Today wasn't much better. For weeks, I've had wreath stuff piled in my family and living room. I couldn't wait to load them up to the craft fair, and have my house back. I woke up, and got dressed, while Mr. Man loaded the beast. Again, it must be a man thing, but when I am in a rush, Mr. Man is on Texas time. He does this thing where he refuses to be rushed, and if he knows you are in a hurry, he seems to sloooooooooow down. I arrived 30 min before the craft show and began setting up, while Mr. Man sauntered in and began setting up my displays. Tick tick tick. The boys meanwhile, are running around like animals in the gym, and I begin to sweat. 

  Luckily, two my girlfriends (have I mentioned what AMAZING friends I have?) came to see me. They each bought a wreath, and then this sweet woman bought another. Three wreaths in the first 45 minutes! Praise the Lord. I sat and waited for me people. And waited. And waited. Luckily, Mr. Man came back to bring me tape for my sign, and left my eldest to keep me company. 
 With my 250 business cards, and my ultra swank sign, I felt very professional. Minutes turned into hours. This place was dead. I felt heartbroken. By 4 o'clock, I called Mr. Man, and told him to come get me. Apparently, I had woken him up from a nap, and he arrived an hour later. The boys marched in like soldiers, and took my displays down. They carried each piece of heavy wood to the beast. I must admit, by this time, I had pulled the van up behind the beast, and just sat *pouted* and watched as they loaded each wreath back into the car. 

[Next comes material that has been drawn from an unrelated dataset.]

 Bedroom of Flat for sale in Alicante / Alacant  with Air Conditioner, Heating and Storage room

By the time we got home, it was nearly 6pm. I lingered in the bathroom, having a pity party for myself, and taking off my earrings, and exchanging my black pants for a pair of oversized sweat pants. My boys continued working. They carried all of my wreaths up to the bonus room, and carried on about what "pretty" wreaths they were, and how people had been "crazy not to buy them." I must admit, this comforted me a bit. As a mom of four boys, there are some perks, this is one of them. I get huge compliments on all "girl" things I do. To people who can't match clothes, (or socks for that matter), they are in constant awe of my creations, (even the hideous wreaths I make which I dub the "ugly babies" AND which always end up selling quickly.) 

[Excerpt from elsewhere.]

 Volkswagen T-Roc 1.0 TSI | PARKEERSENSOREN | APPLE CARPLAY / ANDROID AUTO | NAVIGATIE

After dinner, Mr. Man was in the kitchen baking some sugar free cookies. As part of my pledge to make Jesus the center of our Christmas (and yes, I realize the irony, and hypocrisy of my horrible attitude blog, but bear with me, I'm human) I organized a group of my mom friends and their kids to go to a nursing home. I figured a little singing, hand out some cookies and candy canes, and let the sweet old people visit with the kids. Apparently, I forgot about the diabetic geriatrics, and was warned some of the residents had swallowing issues, and would not be permitted to have any of our sweets. Mr. Man volunteered to make the diabetic batch of cookies. He offered me a taste, and I graciously gave Dylan the rest of it. We exchanged glances while trying to swallow down the tasteless biscuit cookie, when Mr. Man called from the kitchen to ask which kind of [sugar free] icing he should make to accompany the cookies. Dylan leaned over and whispered, "The kind that covers up the flavor of the cookie." We commenced to laugh ourselves silly. Luckily, Mama found a stash of leftover chocolate chip cookie dough, and we were saved from the delicious sugar free dessert. I hear as you get older, your taste buds get duller, in the case of Mr. Man's cookies, this will definitely work towards the diabetic residents advantage.